• Work required:
The answer is one number. Say how many lines in the entries below include the word "Black".

• The input:
══════════

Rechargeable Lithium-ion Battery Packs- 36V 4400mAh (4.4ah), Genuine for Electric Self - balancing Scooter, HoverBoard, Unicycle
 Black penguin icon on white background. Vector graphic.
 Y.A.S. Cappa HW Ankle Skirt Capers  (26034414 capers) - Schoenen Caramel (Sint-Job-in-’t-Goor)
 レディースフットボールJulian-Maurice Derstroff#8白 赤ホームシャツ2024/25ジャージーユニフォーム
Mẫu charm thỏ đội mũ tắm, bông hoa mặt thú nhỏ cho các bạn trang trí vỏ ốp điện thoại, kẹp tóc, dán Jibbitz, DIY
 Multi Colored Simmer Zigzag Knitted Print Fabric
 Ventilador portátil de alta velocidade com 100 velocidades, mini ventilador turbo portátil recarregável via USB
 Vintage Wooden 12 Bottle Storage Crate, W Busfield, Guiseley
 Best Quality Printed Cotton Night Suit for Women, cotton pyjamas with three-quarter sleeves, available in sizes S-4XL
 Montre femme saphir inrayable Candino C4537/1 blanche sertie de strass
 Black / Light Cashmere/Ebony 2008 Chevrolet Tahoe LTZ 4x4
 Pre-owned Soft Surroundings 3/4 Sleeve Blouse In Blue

══════════

• Answer box:
2